But Did You Really Read Him, Alexandra?
Alexandra
Styron’s memoir Reading My Father, which I am just now finishing, represents
for me many of the things that I find troubling about the book business these
days. The growth of the confessional memoir, in which the author has little to
bring to the table except something horrific that happened to them, or a
particularly gruesome childhood, has strained the boundaries of what makes a
story worth publishing. It obscures the question of voice, and the
believability of all narration. We now expect “the truth” and the style with
which a story is told is of secondary importance. Obviously, to sell a lot of
books, the object of every publisher, a story must appeal to a lot of people. As
a bookseller, I’ve watched the bestseller list, and, believe me, without Oprah
it has been pretty slim pickings’ (thank you, Oprah, for taking Toni Morrison out
of the back-list doldrums. You are almost forgiven for The Secret). When working
for the big-box stores, there was nothing more depressing in than coming in on
Sunday to “change” the bestseller wall. I would spend the morning moving books from
one slot to another and wondering if any of that dreck would be read in ten years’
time.
So imagine living when literature with
a capital “L” and the bestseller list converged, and the so-called “big-ego” authors—Mailer,
Bellow, Roth--made their livings writing novels,--big novels. This is the
world that our present author grew up in, the world of serious writing, the
kind that takes a lot of hours in a room alone, while family life goes on without
one very important member. Then there is the serious drinking at night, while
the family watches and worries. Most of
the author’s childhood took place while her father was busy writing Sophie’s
Choice, one of my favorite books, and, in my opinion, one of the most important
novels of the mid-20th century. She describes his writing method--by hand on legal pads. The edition I have, that I picked up for free outside of
a used bookstore that was going out of business (yet another curmudgeonly
bookseller whose ability to arrange and talk about books far outweighed his
business acumen) runs to 515 pages. Yet each word, phrase, sentence, chapter,
was crafted by hand. How many crumpled sheets of yellow paper filled the
wastebasket at the end of the day? For the whole last half of Reading My Father,
I wanted to add to every one of Ms. Styron’s sentences “this is the man who
wrote Sophie’s Choice.” Not that artistic achievement is an acceptable excuse
for being a S.O.B., but cut the guy some slack. Every day he worked in a
fictional world where reason and the will to live were a thin facade over the desperate
reality of unbelievable cruelty, madness, and suicide. When, exactly, could he
have been called crazy?
William
Styron didn’t know that Sophie’s Choice would be his last novel. It must have
been sad to see such power wane. Boozing is often involved in a writers’

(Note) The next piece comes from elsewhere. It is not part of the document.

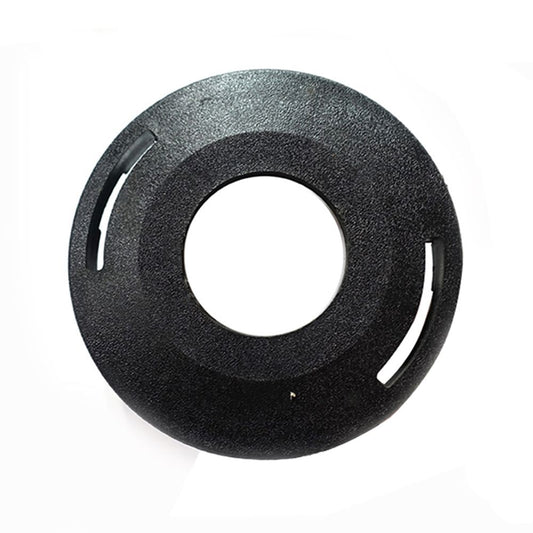 Trimmer Head Spool Without Line Trimmer Head Cover Fit For  25-2 FS 44 55 80 83 85 90 100 110 120 130 200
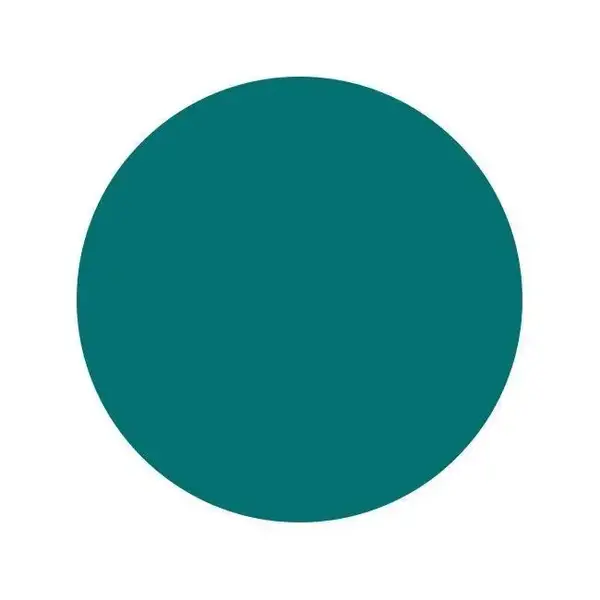 Тату фарба Teal Intenze USA (15 мл.) 7336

downward spin, such a perfect foil for having spent the day wrestling with the
demons in your head. Now that something, anything is on paper, it’s a great
relief to relax and spend some time socializing with like-minded people, who
are also hard-drinking writers. A few hours’ sleep, some coffee, and then start all over again. Watching this process as a kid couldn’t have been
particularly healthy, and maybe this is her main complaint, that she had to be
responsible for adult problems before her time. This is probably true, but why
whine about it now?
I picked up this book (on
remainder) because of the title. I don’t usually read contemporary memoirs (as
you may have guessed) but the combination of the double entendre and a chance
to add to my literary understanding of Mr. Styron’s work drew me in. But the
thing is she admits to not even read Sophie’s Choice until well past it’s release.
It sounds as if she was more excited about the movie, with its attendant fame and fortune. This is
really not her fault (although you think she would have made the effort
sooner). When I revealed to a group of what I thought were literary compatriots
that the book was written by hand, they started reminiscing about their
favorite scenes from the movie, as if the two were synonymous.
That’s what a good movie does—Meryl Streep is Sophie for many people—but strip away the
beautiful, period costumes, the perfect locations, and one of the greatest cast
ensembles in history and the story still remains in all of its raw power. How
long did it take to write the scene in which Sophie makes her choice—two days, ten? Maybe two months or maybe it was revised over and over again during those long
afternoons all alone with pen and paper (pencil, actually). We’ll never know. I
don’t think it really matters. We have the story whole and perfect, as it was
written. We writers now, with our contests and out MFA programs and our Twitter
accounts, can only hope we get that shot.